The 20th IMR will have an hour and fifteen minutes professional development session targeted towards students and postdocs. This is a discussion type session where seven panel members, who are experts from academia, industry, and labs, address questions from the audience and session chair. The potential topics include forthcoming trends in meshing, desired skill-profile for university/industry/lab jobs, impact of alternate methods (meshless methods, isogeometric analysis, etc.), meshing jobs growth in currently economy, etc.


Panel Members

Cecil Armstrong is Professor of Computer Aided Engineering at the Queen’s University in Belfast in Northern Ireland. He attended the very first International Meshing Roundtable at Northwestern University in Chicago in 1992. He is probably best known for suggesting the use of the Medial Axis Transform for recognising geometric features of significance in meshing and modelling. The projects he is associated with currently include CRESCENDO, a large consortium of European aerospace companies, research institutes and universities.

Ted Blacker has been active in the meshing and pre-processing arena for most of his career. He joined Sandia National Labs in 1983 with an MS degree from BYU. Initial successes in automating existing 2D meshing algorithms led to the break-through paving technology for all-quad meshing of arbitrary surfaces. This technology eventually won an R&D 100 award in 1992. Dr. Blacker established the CUBIT project at Sandia, a successful and vibrant pre-processing research and development effort now in its 20th year. He also founded the Meshing Roundtable conference now in its 20th year. Ted completed his PhD at Northwestern, worked in private industry for Fluent, Inc., for 8 years and then returned to SNL to manage CUBIT and related programs. He has published extensively, served on temporary assignment to the DoD CREATE program in Washington DC, and currently manages a department with several HPC computational analysis development teams.

Loic Marechal graduated from CNAM university in 1997 and joined the Gamma team at INRIA to work on adaptive quadtree mesh generation (work published in IMR 7). In 1999 he moved to Bertin where he developed a hex mesh refinement software and went back to INRIA in 2000 to work on a full scale hex mesher project called Hexotic (IMR 10 & 18). In 2010, he began working in Meshing I-Lab - a common laboratory shared by Distene and INRIA – in the areas of surface mesh cleaning, hex meshing, multi-threading and GPU computing.

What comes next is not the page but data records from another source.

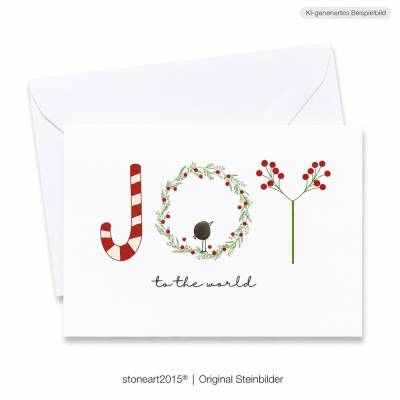 Edle Weihnachtskarte „Joy to the world“ mit Mini-Steinmotiv & Umschlag – stilvolle Grüße verschenken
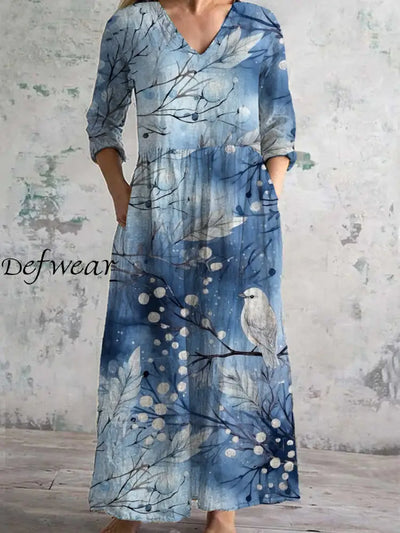 Women’s Fashion Elegant Art Print V-Neck Three Quarter Sleeves Long Dress A / S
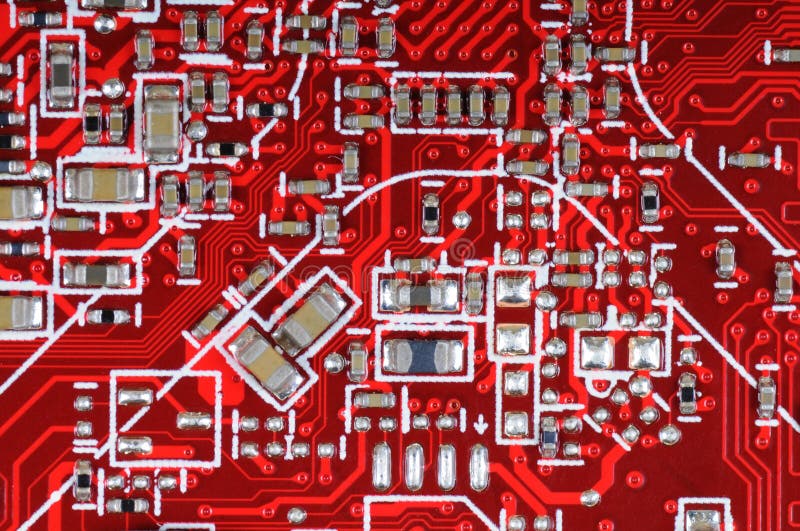 Detail of red printed circuit board with electronic components. Detail of red printed circuit board with electronic components.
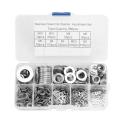 304 Stainless Steel Flat Washer Set, 9 Sizes for Home Decoration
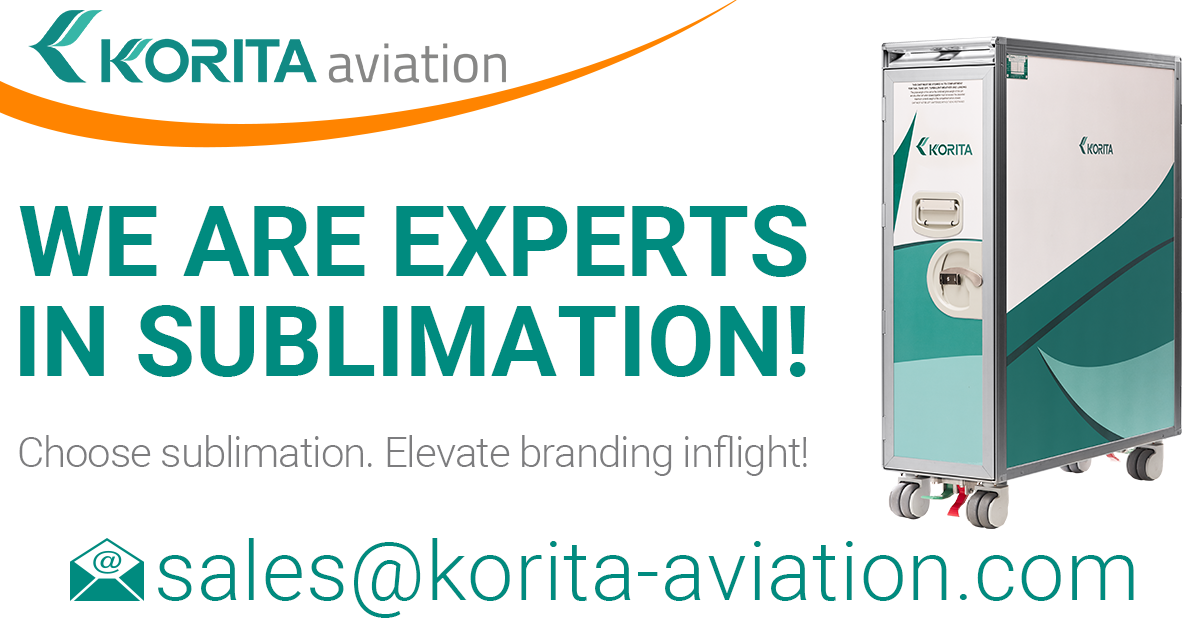 sublimation news, trolley news, sublimation, brand exposure inflight, sublimated trolleys, sublimated carts, trolley external panel finish options, airline branding, galley insert equipment branding, sublimation experts - Korita Aviation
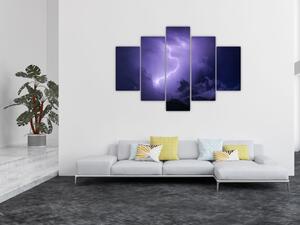 Slika - ljubičasto nebo i munja (150x105 cm)
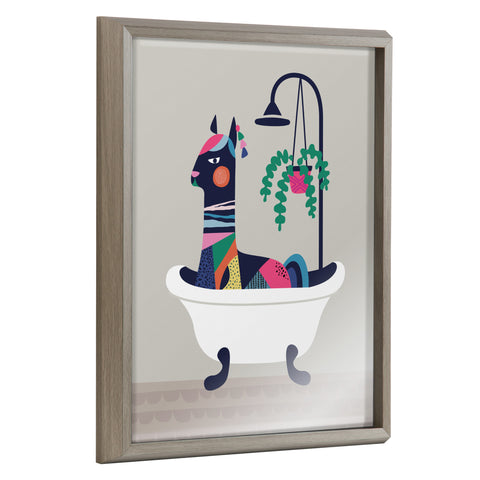 Blake Mid Century Modern Llama in the Tub Framed Printed Glass by Rachel Lee of My Dream Wall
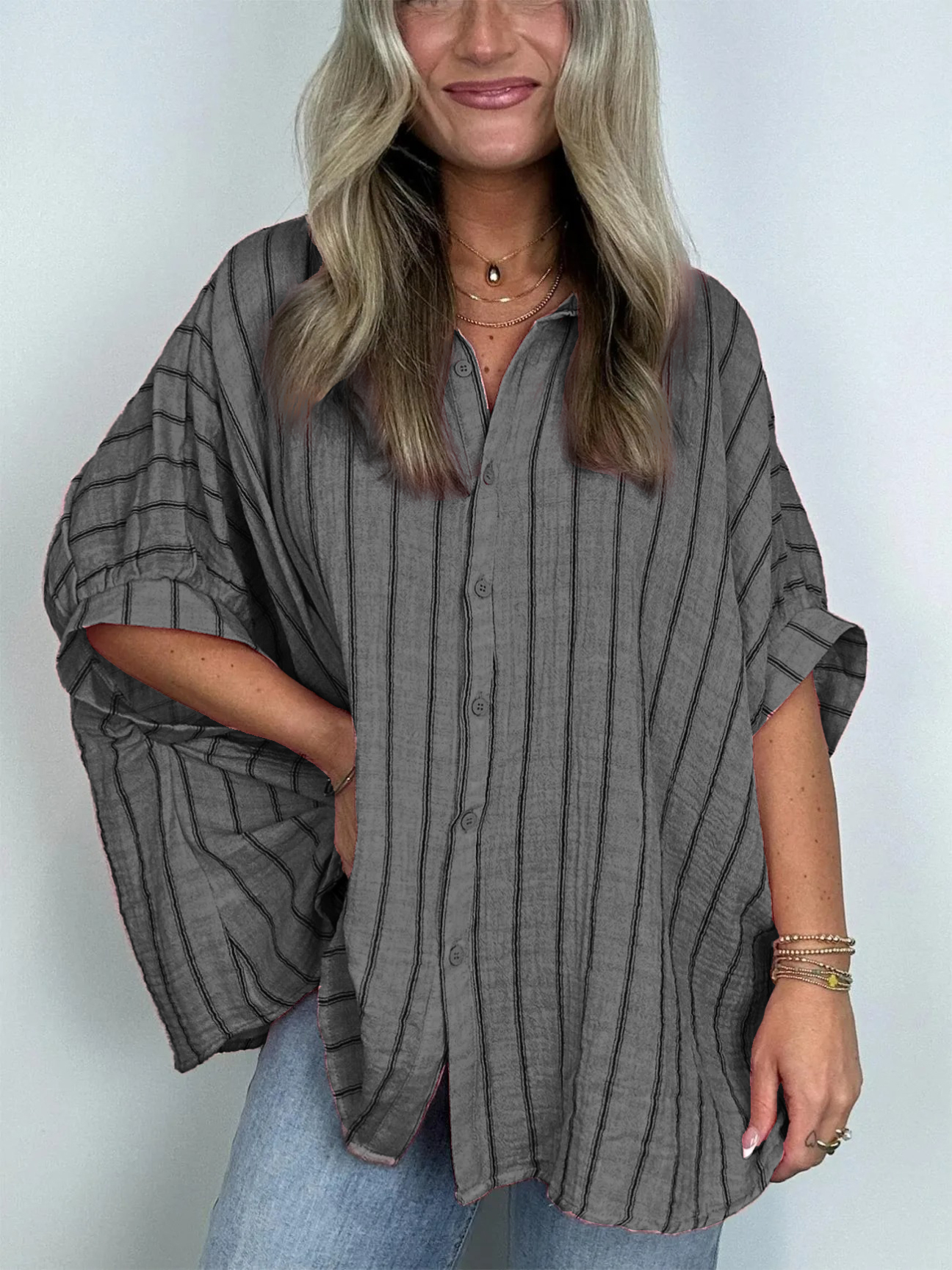 GiuliaCaruso Oversized Stribet Top Med Knap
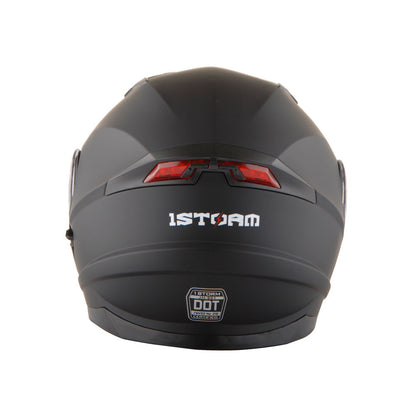 Motorcycle Modular Full Face Helmet Flip Up Dual Visor Sun Shield with Optional LED Tail Light 3 Modes Removable Washable Interior, Multiple Colors S M L XL — Modular901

Nilanjan Mukherjee is a Senior Research & Software Development Engineer at Siemens PLM Software where he worked since 1999. Dr. Mukherjee’s research areas include surface meshing with special focus on quad & transfinite meshing, discrete and void geometry idealization for mesh generation, meshing process engineering and many niche areas of hex mesh generation. A BE & ME with honors in Mechanical Engineering from Jadavpur University, he received his PhD in Aerospace Engineering from the Indian Institute of Technology, Kharagpur in 1995. Dr. Mukherjee has many years of association with the International Meshing Roundtable and is presently a working committee member.

Josep Sarrate is an associate professor at the Laboratori de Calcul Numeric (LaCaN) of the Universitat Politecnica de Catalunya. He got his Bachelor degree in Physics from the Universitat de Barcelona in 1985. He spent over five years as programmer and system manager at the computer center of the Civil Engineering School of Barcelona. He received a PhD degree in sciences from Universitat Politecnica de Catalunya in 1996.  He has collaborated in several research projects developing computational methods for applied sciences and engineering. In addition, his research activity is focused on developing new algorithms and applications that facilitate the discretization process in numerical simulations. He has developed several algorithms and tools for mesh generation and optimization. In particular, he has worked on both semi-structured and unstructured hexahedral algorithms.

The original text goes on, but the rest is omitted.